Banyak keyakinan bukan berarti banyak Tuhan.
Tuhan hanya satu.
Tuhan semesta alam tak pernah berubah, tapi keyakinan bagaimana Tuhannya bisa berubah.


Rasulullah shallallahu 'alaihi wasallam bersabda,
“Tidaklah seorang yang dilahirkan itu kecuali dilahirkan dalam keadaan fitrah, kemudian kedua orang tuanyalah yang menjadikannya Yahudi, Nashrani atau Majusi sebagaimana seekor hewan yang melahirkan dalam kondisi lengkap, adakah kamu dapati dalam kondisi cacat?” (Muttafaq ‘Alaih dengan lafazh riwayat Muslim)



Beruntunglah kita yang dilahirkan dari orang tua yang muslim, karena kebenaran agama islam telah meliputi diri kita dari sejak lahir.
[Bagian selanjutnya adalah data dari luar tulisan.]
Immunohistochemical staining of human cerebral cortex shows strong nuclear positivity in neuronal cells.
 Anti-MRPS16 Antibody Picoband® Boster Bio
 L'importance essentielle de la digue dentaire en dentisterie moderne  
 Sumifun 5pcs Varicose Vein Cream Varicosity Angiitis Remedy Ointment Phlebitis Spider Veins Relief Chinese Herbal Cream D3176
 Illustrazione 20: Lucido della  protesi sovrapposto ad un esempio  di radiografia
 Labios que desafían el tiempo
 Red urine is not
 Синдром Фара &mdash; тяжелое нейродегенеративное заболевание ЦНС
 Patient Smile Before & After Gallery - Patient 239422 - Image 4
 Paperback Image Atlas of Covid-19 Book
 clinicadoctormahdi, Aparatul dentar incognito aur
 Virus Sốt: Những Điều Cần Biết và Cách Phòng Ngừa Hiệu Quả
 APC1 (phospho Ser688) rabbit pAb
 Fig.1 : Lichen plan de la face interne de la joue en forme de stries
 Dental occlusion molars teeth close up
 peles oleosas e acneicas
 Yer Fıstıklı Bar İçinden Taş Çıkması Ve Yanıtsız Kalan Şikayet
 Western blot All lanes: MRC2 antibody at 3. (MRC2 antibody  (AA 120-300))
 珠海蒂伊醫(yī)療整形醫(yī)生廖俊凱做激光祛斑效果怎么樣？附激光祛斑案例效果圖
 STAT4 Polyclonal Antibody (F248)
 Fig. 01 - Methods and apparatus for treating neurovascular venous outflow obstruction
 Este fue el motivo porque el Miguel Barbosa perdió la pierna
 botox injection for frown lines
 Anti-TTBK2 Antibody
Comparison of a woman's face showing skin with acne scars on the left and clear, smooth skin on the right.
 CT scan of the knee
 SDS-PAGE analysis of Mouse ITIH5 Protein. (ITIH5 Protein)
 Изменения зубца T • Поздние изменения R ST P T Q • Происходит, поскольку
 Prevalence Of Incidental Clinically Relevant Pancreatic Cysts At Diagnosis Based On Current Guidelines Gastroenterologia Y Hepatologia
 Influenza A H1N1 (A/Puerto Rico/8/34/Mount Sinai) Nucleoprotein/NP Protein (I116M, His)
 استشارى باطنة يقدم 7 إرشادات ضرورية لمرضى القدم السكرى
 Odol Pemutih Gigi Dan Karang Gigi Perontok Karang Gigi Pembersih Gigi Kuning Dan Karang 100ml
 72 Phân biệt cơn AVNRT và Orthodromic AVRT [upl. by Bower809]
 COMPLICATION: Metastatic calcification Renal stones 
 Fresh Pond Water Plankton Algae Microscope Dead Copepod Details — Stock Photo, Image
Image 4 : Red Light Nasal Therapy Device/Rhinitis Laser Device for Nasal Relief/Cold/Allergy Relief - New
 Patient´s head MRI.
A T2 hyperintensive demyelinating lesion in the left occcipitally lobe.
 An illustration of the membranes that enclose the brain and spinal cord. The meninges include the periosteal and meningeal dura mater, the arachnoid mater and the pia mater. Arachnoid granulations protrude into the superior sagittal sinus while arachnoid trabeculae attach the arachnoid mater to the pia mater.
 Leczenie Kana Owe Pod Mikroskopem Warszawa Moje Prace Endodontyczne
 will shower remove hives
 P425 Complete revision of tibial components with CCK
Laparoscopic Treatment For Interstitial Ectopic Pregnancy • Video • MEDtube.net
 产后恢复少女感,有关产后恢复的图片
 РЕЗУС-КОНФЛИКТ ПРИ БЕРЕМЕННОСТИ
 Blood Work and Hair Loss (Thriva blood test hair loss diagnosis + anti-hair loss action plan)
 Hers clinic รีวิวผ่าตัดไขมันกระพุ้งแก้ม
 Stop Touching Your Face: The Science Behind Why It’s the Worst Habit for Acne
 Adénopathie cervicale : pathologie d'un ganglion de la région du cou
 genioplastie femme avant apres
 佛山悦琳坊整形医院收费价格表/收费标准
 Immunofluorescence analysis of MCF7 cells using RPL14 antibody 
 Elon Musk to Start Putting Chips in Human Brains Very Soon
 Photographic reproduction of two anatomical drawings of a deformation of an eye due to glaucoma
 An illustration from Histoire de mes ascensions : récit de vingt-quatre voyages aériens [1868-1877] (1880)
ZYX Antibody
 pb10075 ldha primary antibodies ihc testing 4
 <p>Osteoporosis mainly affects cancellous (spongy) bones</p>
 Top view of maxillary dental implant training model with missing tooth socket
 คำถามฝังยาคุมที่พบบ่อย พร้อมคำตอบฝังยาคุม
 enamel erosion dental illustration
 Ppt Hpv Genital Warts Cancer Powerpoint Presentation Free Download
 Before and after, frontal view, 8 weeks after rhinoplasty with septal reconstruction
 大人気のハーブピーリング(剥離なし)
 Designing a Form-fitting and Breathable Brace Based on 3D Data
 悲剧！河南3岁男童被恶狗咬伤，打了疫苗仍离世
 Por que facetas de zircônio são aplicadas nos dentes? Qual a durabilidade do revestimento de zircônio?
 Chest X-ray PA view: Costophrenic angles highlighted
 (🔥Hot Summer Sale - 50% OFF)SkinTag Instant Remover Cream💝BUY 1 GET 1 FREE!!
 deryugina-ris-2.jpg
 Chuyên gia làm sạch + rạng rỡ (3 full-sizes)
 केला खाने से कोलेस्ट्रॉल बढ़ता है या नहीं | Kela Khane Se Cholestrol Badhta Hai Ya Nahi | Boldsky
Tapi bayangkanlah seandainya orang tua kita non muslim, dan bayangkan pula kita menjadi anak-anak, remaja dan terus dewasa. Lalu bayangkan pula apa yang terjadi pada keyakinan atau agama kita.

Jika kita begitu yakin akan kebenaran mengenai agama kita, maka demikian pula orang-orang yang dilahirkan non muslim, pada batas waktu tertentu tentu saja mereka juga yakin terhadap kebenaran agama yang mereka anut. Jika kita begitu yakin dengan kebenaran dari agama kita, maka tidak ada yang salah jika juga mereka yakin dengan kebenaran dari agama/keyakinan yang mereka anut. Jika kita menganggap mereka salah, maka kitapun harus memaklumi kalo mereka menganggap kita salah.

Walaupun pada akhirnya kebenaran itu dapat dibuktikan dari kitab suci masing-masing agama, namun tidak semua penganut agama sampai pada tahap ini, termasuk yang beragama Islam itu sendiri. Banyak yang beragama Islam, tapi tak begitu mengerti dimana bukti kebenaran agama Islam. Pun demikian halnya yang beragama non muslim, merekapun tak mengerti bagaimana bukti kebenaran dari ajaran mereka. Beragama hanya bermodal keyakinan bahwa yang dianut adalah benar atau hanya bermodal karena kedua orang tua yang mengajarkan keyakinannya. Tapi anehnya hanya dengan modal keyakinan seperti ini dapat menimbulkan rasa fanatik yang berlebihan, membenci orang yang berbeda keyakinan, tidak senang bila orang lain tak sama dengan dirinya, hingga muncul intolenrasi bahkan sampai kepada konflik antar agama, antar kepercayaan.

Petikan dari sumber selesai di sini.